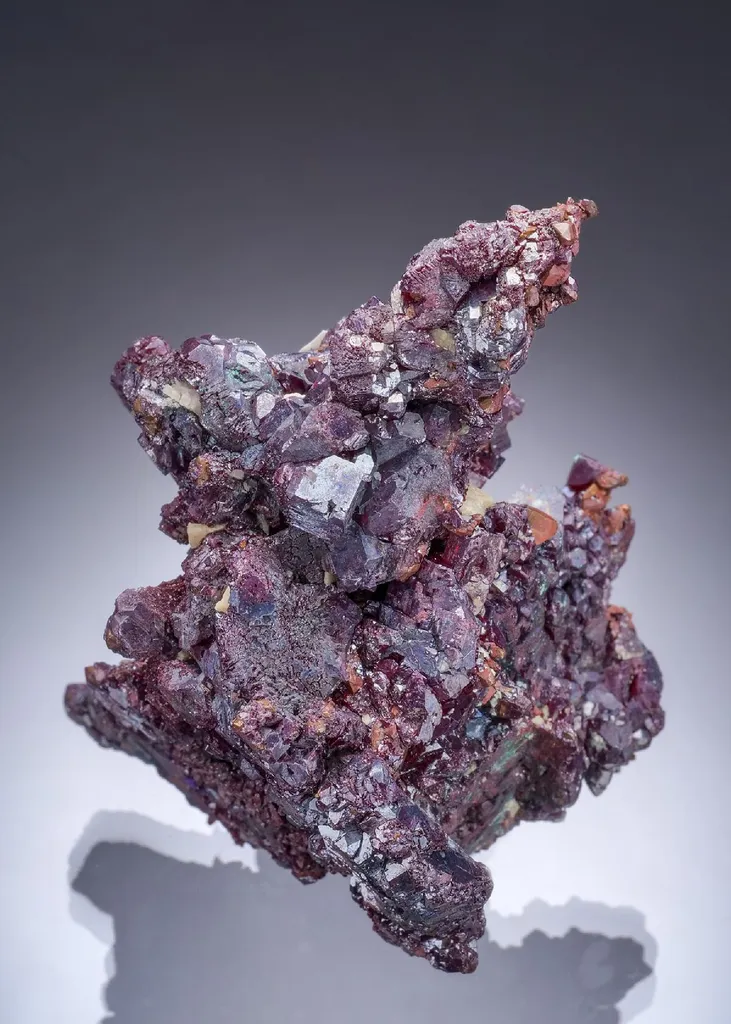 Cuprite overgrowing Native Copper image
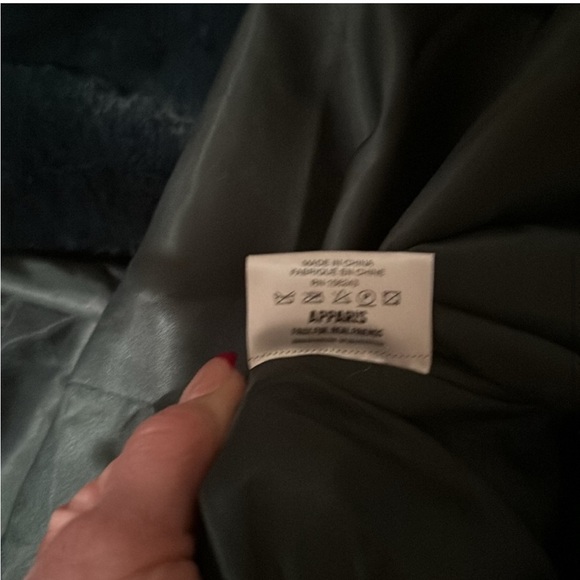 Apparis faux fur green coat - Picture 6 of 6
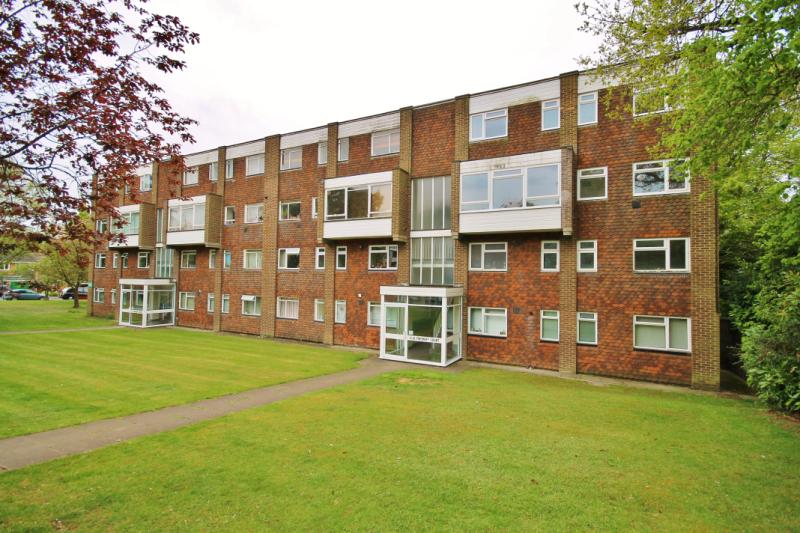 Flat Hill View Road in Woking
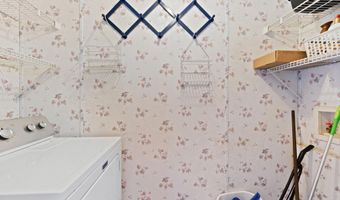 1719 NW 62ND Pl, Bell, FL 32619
────────────────
Find the line that has "Apparis faux fur green coat - Picture 6 of 6" in the listing, then retype it and each later line up to the last, exactly. Leave pictures out.

 Apparis faux fur green coat - Picture 6 of 6
 Flat Hill View Road in Woking
 1719 NW 62ND Pl, Bell, FL 32619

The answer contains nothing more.